Analysis by Dr. Nancy Yamaguchi


West Texas Intermediate (WTI) crude prices have retreated to approximately $48.50 per barrel (/b) this morning. The market sell-off picked up after revisions to the supply and demand balance, and as the U.S. and North Korea continued to exchange threats in what has been likened to a game of chicken. President Trump increased pressure by not only standing behind his “fire and fury” threat, but adding that this statement “wasn’t tough enough.” He warned North Korea that the U.S. military was “locked and loaded.” Equity markets around the world tumbled further, and risk-off sentiment has sent investors to safe havens such as gold, bonds and the Yen.
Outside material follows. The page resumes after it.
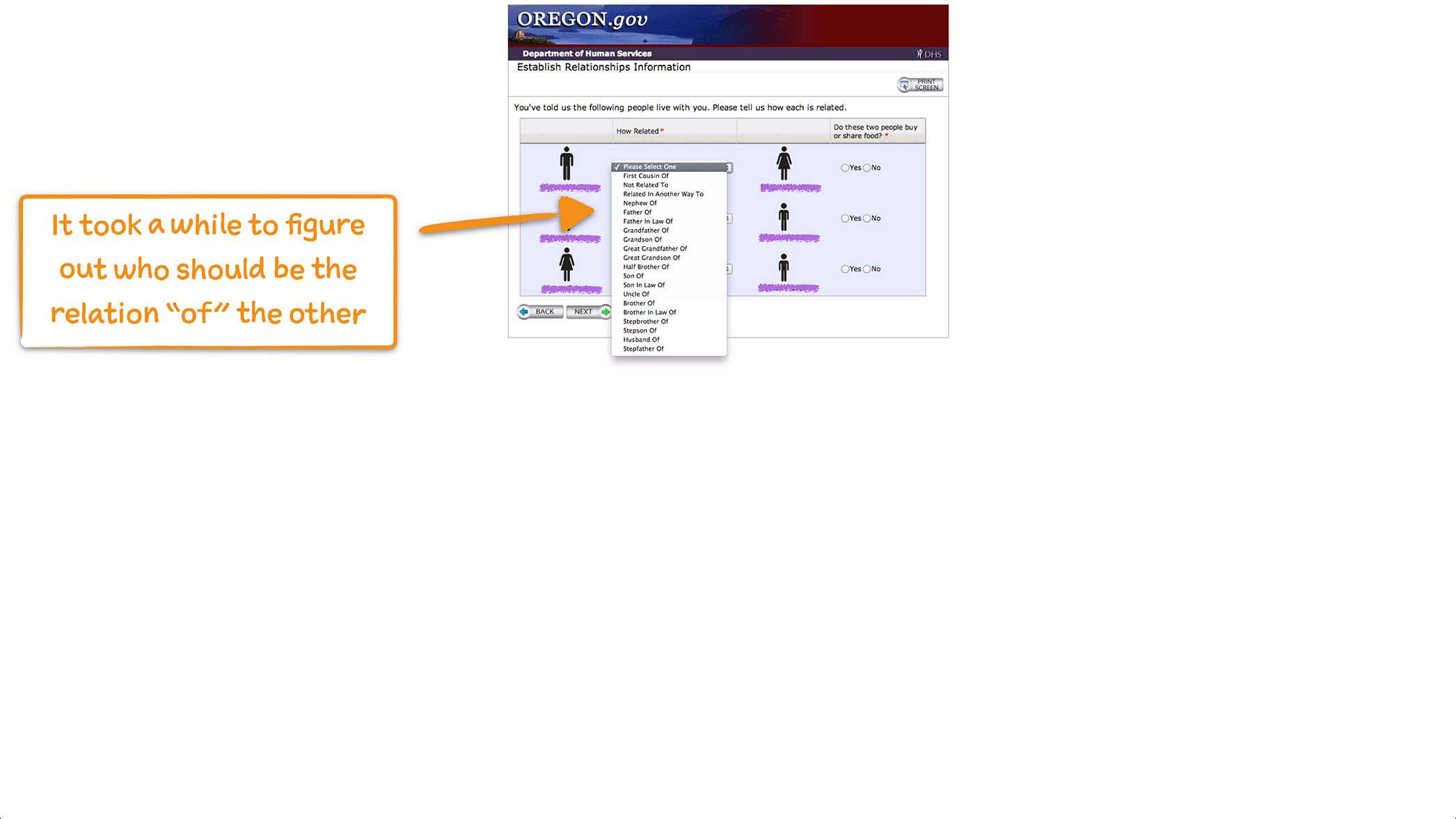 How Oregon SNAP Onboards New Users User Onboarding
Gold prices are at a nine-week high.


The markets also took a step back on news that may lengthen the amount of time needed before balance is achieved in the global oil market. The Energy Information Administration (EIA) released its Short-Term Energy Outlook (STEO) forecasting that U.S. crude production will average 9.3 million barrels per day (MMbpd) in 2017, and that it will rise to 9.9 MMbpd in 2018. This will be the highest level of U.S. output in history, surpassing the previous record of 9.6 MMbpd set in 1970.


The STEO also forecast that global oil inventories will be largely unchanged in 2017, and that they will increase by an average of 0.2 MMbpd in 2018.
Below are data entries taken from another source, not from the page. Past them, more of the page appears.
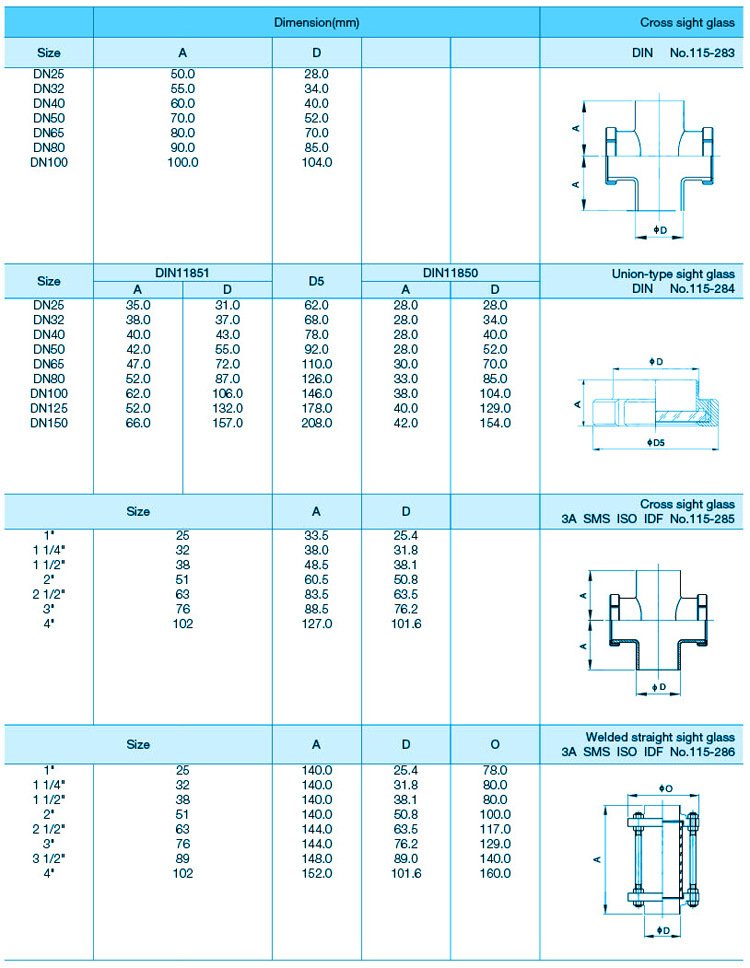 DN40 acero inoxidable SS304 SS316L higi&eacute;nico higi&eacute;nico sindical Cruz de vidrio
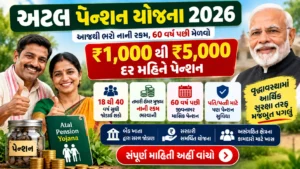 Atal Pension Yojana 2026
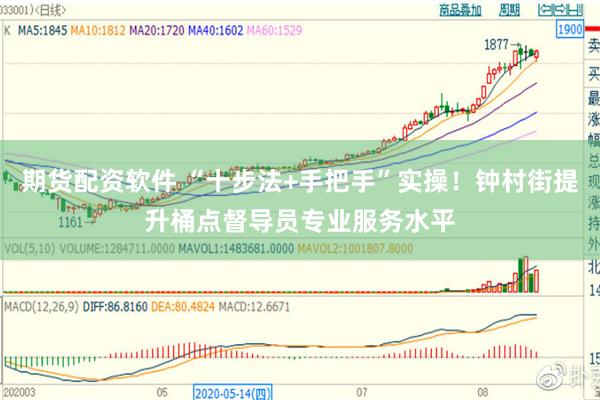 期货配资软件 “十步法+手把手”实操！钟村街提升桶点督导员专业服务水平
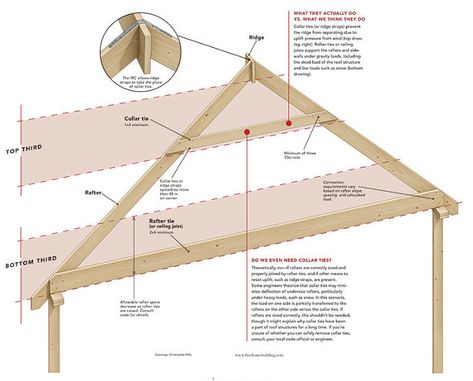 How it Works: Collar and Rafter Ties - Fine Homebuilding Studio Remodel, Gable Wall, House Additions, Roof Sheathing, Fine Homebuilding, Exposed Rafters, Roof Pitch, Speed Square, Framing Construction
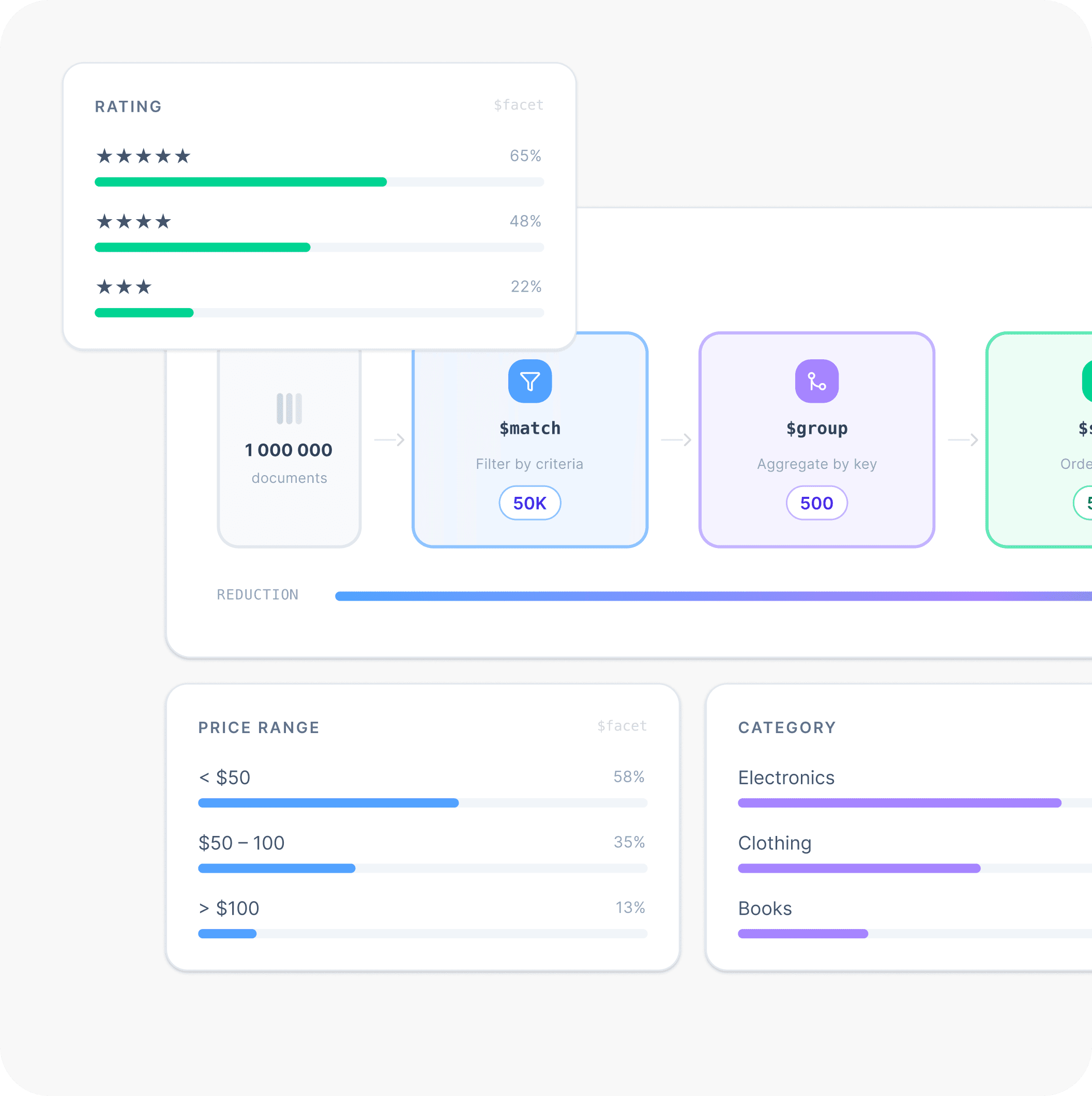 Complex Data Transformation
Adding to this, the International Energy Agency (IEA) reduced its forecast of the amount of crude needed from OPEC this year and in 2018. With strong output elsewhere and a reduction in some key forecasts of demand growth, around 0.4 MMbpd less crude will be needed from OPEC.
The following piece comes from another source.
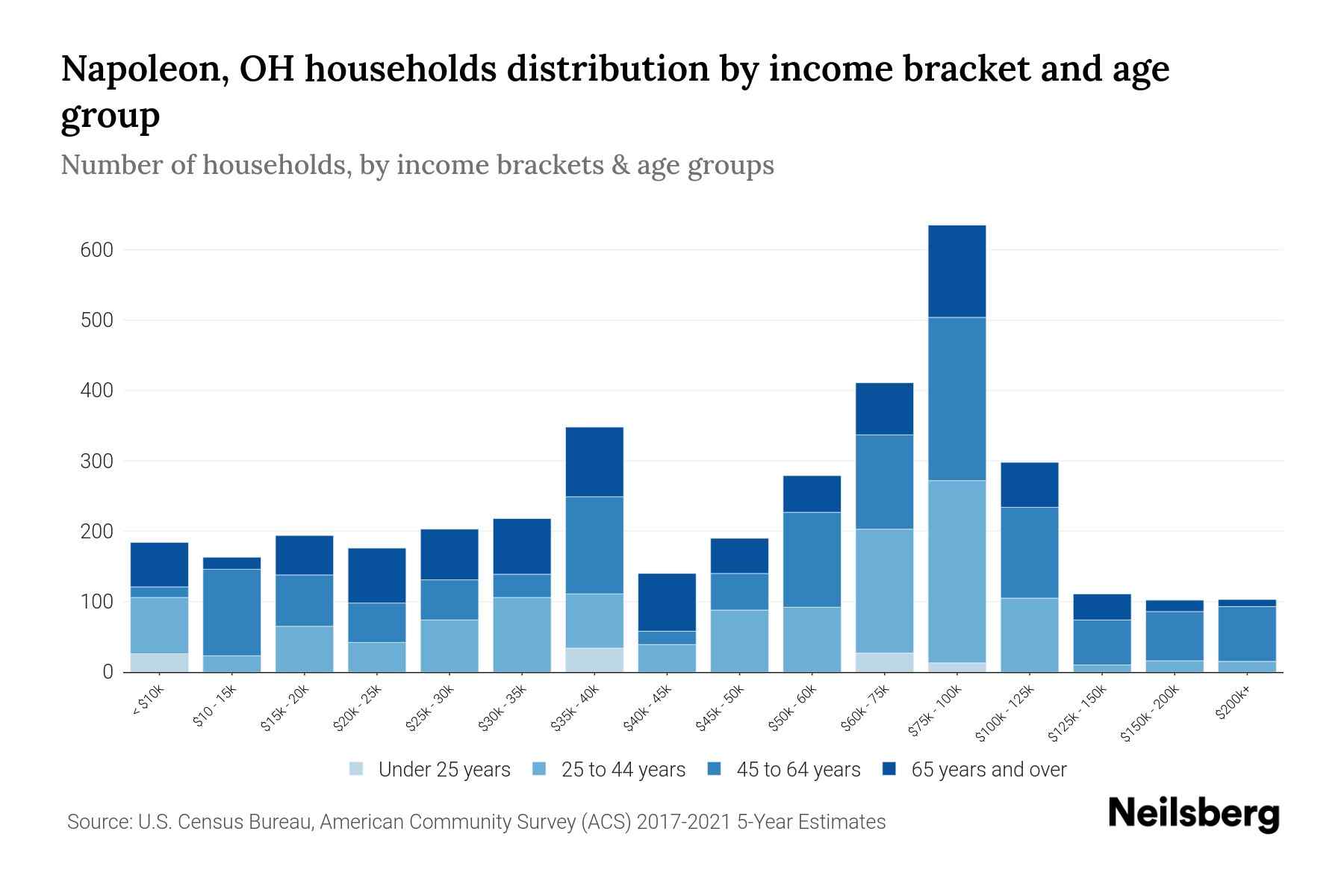 Napoleon, OH Median Household By Age 2024 Update Neilsberg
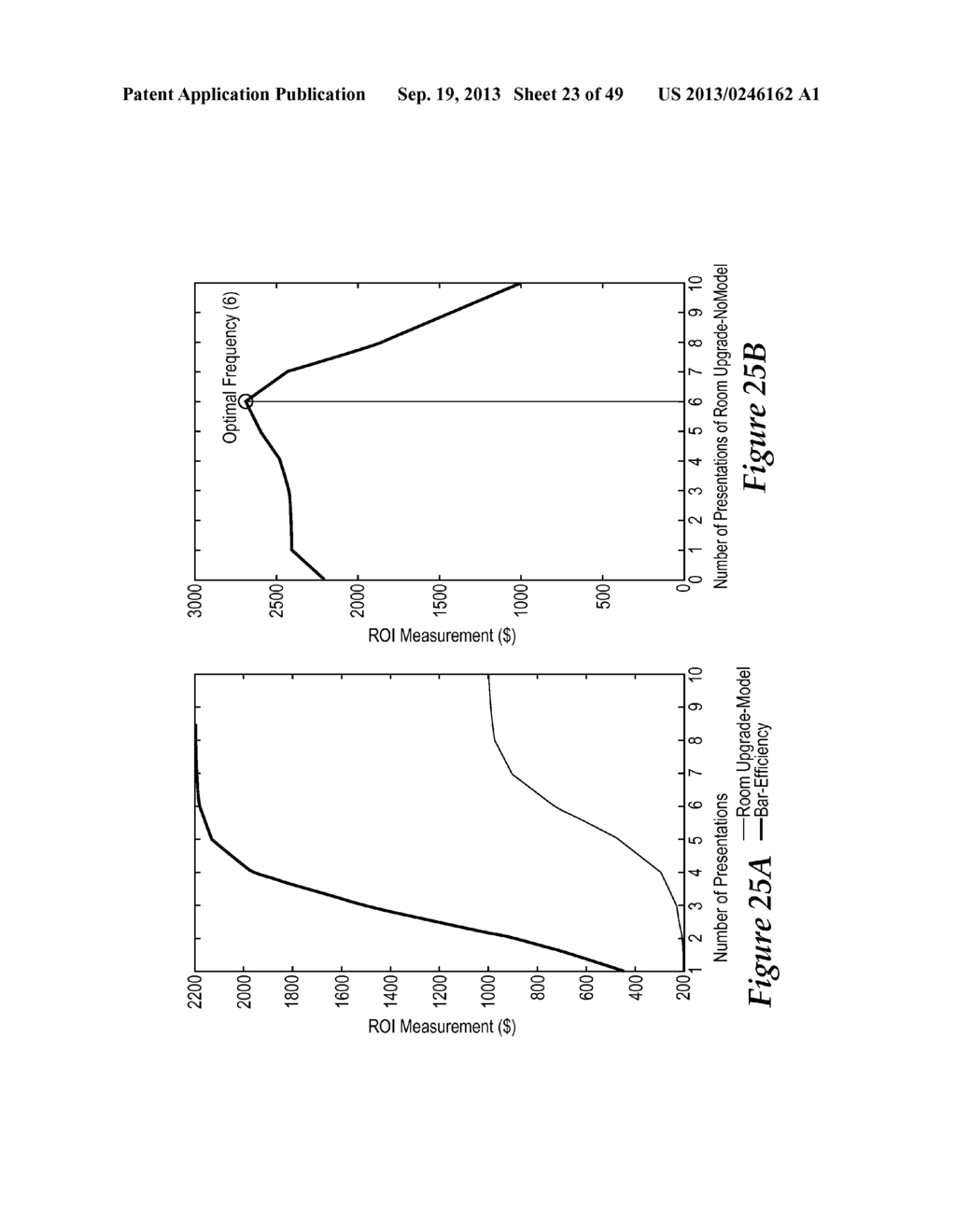 SYSTEM AND METHOD FOR CONCURRENTLY CONDUCTING CAUSE-AND-EFFECT EXPERIMENTS     ON CONTENT EFFECTIVENESS AND ADJUSTING CONTENT DISTRIBUTION TO OPTIMIZE     BUSINESS OBJECTIVES - diagram, schematic, and image 24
U.S. crude production slid modestly during the week ended August 4, declining by 7 thousand barrels per day (kbpd). Last week, Baker Hughes reported that the active rig count fell by four (one oil rig and three gas rigs). The rig count data for the current week will be released today.


WTI crude opened at $48.52/b, a significant drop of $1.16 from yesterday’s opening. Currently this morning, WTI prices are $48.42/b, down by 10 cents since today’s opening.